In der Debatte ums Rauchverbot hat sich Ministerpräsident Günther Beckstein jetzt für eine Hintertürregelung ausgesprochen, die das Qualmen im Wirtshaus zwar verbietet, unter bestimmten Bedingungen aber weiterhin erlaubt: „Ich gehe davon aus, dass wir bis zum Herbst spanische Verhältnisse in Bayern haben werden“, sagte der Ministerpräsident zur AZ.
Jeder Stammtisch ein Verein
Konkret heißt das: Die CSU setzt auf Raucherclubs und will die Hürden dafür ganz niedrig halten. Jeder Stammtisch kann künftig ein Verein werden und im Nebenzimmer rauchen. Kleinen Lokale wird es leicht gemacht, sich als Raucherclub zu deklarieren.
Damit bekäme Bayern quasi eine Regelung wie in Spanien – auch wenn es über den Umweg „Verein“ geht. Auf der iberischen Halbinsel dürfen die Wirte von Einraumgaststätten selbst entscheiden, ob geraucht werden darf oder nicht. Doch Becksteins Raucher- Regeln machen auch vor dem Oktoberfest nicht halt. Wie die AZ erfuhr, konnten sich die Verhandlungsführer bereits vor dem Krisen-Gipfel, der gestern Nachmittag im Gesundheitsministerium stattfand, einigen.

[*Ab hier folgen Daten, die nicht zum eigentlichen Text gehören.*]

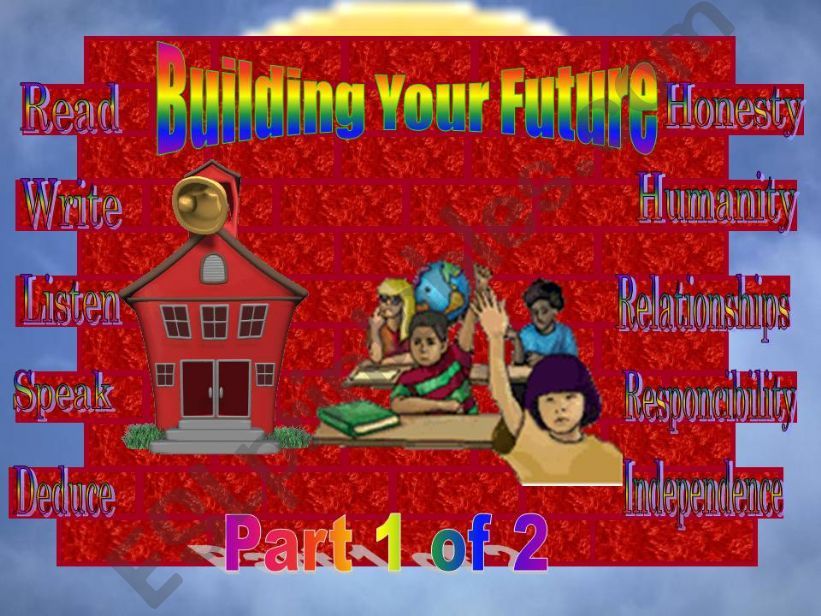 Building your future 1 of  2 ( ANIMATED )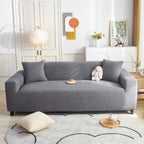 Grid Textured Stretch Sofa Cover, Soft Elastic Slipcover for Couch Protection
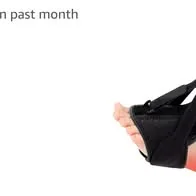 ELESIK Plantar Fasciitis Night Splint and Brace, Upgraded Planters Facetious Relief, Foot Drop and Achilles Tendonitis Relief Brace. Night Splint for Plantar Fasciitis Women & Men, Black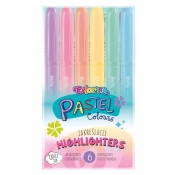 Zakreślacze Colorino Kids, 6 kolorów - pastel (84965PTR)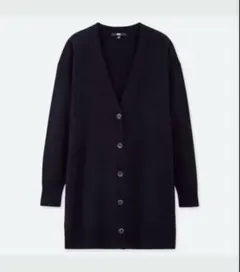 新品タグ付UNIQLO エクストラファインメリノVネックロングカーディガン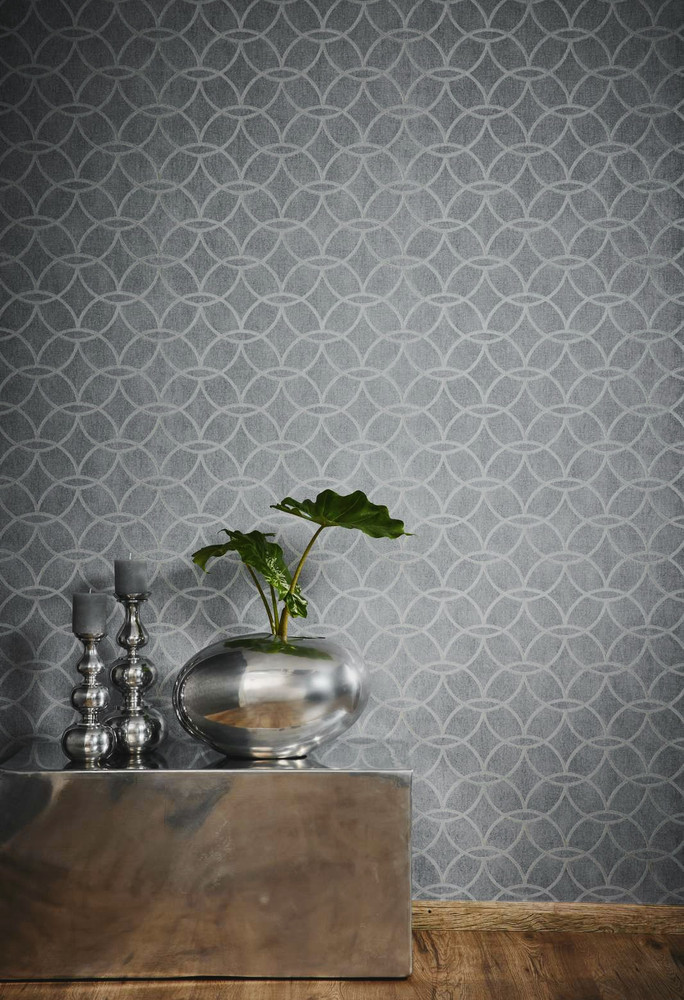 Geo Trellis -  Grey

Verboten, aber nicht sanktioniert
Rauchen bleibt demnach auf der Wiesn zwar grundsätzlich verboten, es werde aber in diesem und im nächsten Jahr „von Sanktionen noch freigestellt“. Erst 2010 müssen Raucher auf dem größten Volksfest der Welt mit Bußgeldern rechnen, wenn sie sich nicht von ihrem Glimmstängel im Zelt trennen können. Bis dahin müssen sich die Wiesn-Wirte etwas einfallen lassen.
Allerdings werden Münchens Wiesn-Wirte bereits heuer ihren Beitrag leisten. Beim Krisen-Gipfel erklärten sie sich bereit, keinen Tabak in ihren Bierzelten anzubieten: „Außerdem werden wir auf großen Schildern und in den Speisekarten auf das Rauchverbot hinweisen“, sagte Wiesn-Wirte-Sprecher Toni Roiderer, der sich für das spanische Modell ausgesprochen hatte. Auch Heinrich Kohlhuber vom Verein zum Erhalt der bayerischen Wirtshauskultur lobte diee Lösung: „Das ist ein großer Schritt in die richtige Richtung.“
Die Drogenbeauftragte der Bundesregierung, Sabine Bätzing (SPD), warnte vor einer Lockerung des Verbots. Die geltende Regel sei „vorbildlich“ und dürfe nicht aufgeweicht werden.